So, do you count the compressed or the uncompressed size?

Alternate Data Streams / Forks

Some filesystems have a feature that allows you to store more than one data stream inside of a single file. For example, NTFS allows you to store so-called "Alternate Data Streams" in a file. Applications use this to store additional application-specific metadata, e.g. music players use it to store album covers inside music files, or count how often a song has been played, or song-specific equalizer settings, etc., office applications use it to store backups of older versions of the file, and so on. MacOS has a similar feature called "Forks".

Almost all standard filesystem APIs will only present the Default Stream / Data Fork. Unless you explicitly ask for an Alternate Data Stream / the Resource Fork using typically OS-specific or filesystem-specific APIs, you will never even know that it is there, but it may be of significant size.

"Bundles"

Specifically on macOS, you have the concept of "Bundles" which are technically directories as far as the filesystem and the lower levels of the OS are concerned, but are mostly treated as single files when presented to higher levels of the OS and to the user.

So, here you have a thing that looks like a file, where you think "the size of this should be easy to determine", but it is actually a directory, with all of the problems that you noticed in your question.

Any combination of the above

And of course, all of the above can be combined with each other.

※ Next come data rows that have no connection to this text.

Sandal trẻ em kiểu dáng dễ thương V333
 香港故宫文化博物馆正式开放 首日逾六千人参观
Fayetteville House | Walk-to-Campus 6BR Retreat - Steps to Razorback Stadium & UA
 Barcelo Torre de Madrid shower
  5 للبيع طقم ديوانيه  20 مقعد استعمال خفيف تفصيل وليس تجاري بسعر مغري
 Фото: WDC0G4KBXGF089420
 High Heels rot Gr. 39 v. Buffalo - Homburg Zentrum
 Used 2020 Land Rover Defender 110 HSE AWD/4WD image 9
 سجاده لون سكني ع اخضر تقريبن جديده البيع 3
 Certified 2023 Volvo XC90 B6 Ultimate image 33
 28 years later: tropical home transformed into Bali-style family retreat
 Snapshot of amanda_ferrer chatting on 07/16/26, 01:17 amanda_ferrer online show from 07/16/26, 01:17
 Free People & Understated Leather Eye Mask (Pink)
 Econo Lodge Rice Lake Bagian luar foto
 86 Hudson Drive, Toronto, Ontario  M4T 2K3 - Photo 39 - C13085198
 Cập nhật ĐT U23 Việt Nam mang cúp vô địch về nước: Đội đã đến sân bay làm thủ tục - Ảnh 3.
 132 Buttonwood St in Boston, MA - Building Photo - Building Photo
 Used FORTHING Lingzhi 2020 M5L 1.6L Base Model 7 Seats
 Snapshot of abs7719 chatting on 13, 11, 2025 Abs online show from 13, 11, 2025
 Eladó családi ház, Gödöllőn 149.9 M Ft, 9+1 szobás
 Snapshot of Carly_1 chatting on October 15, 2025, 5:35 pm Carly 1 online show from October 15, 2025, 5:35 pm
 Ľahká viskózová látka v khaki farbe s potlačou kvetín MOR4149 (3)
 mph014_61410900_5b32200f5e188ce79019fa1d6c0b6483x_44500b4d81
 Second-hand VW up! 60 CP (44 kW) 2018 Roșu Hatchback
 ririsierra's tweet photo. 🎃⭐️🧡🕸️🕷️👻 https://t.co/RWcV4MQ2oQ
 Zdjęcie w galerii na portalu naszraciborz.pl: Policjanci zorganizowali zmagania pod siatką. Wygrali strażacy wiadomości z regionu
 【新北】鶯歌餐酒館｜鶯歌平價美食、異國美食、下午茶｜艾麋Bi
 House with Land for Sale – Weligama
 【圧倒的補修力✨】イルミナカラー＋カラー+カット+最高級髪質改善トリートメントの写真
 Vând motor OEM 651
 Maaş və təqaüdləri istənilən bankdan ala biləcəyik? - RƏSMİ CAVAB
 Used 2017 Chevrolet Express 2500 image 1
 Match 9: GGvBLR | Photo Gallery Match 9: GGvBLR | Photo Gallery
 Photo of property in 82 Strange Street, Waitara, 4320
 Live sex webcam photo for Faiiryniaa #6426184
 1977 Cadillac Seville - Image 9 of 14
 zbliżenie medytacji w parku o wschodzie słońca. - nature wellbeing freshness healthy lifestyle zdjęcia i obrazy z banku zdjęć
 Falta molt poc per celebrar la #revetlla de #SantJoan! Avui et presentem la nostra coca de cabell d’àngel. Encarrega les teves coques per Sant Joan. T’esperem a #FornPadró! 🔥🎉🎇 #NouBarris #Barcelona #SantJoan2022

So, as you can see, when you compute the sum of the sizes of multiple files, that is not a straightforward thing. Files can share pieces of data.

But even if you forget about the sum and only ask about the size of a single file, the answer is still not clear, because there are many different ways to define what "size" means.

So, in order to have a meaningful answer to the question, you need to actually take several steps back, and ask yourself:

  1. Why are you measuring the sum of the sizes of the files of a directory? What do you need this information for? What is your end goal? Which decisions are you actually going to base on this information? How are you going to use this information?

  2. What is it that you actually need to measure to have the necessary information to base the decisions on?

  3. How are you measuring this? Depending on your answer to question #2, the information that you need may be very OS-specific or filesystem-specific, and part of internal filesystem APIs that you don't even have access to as a user.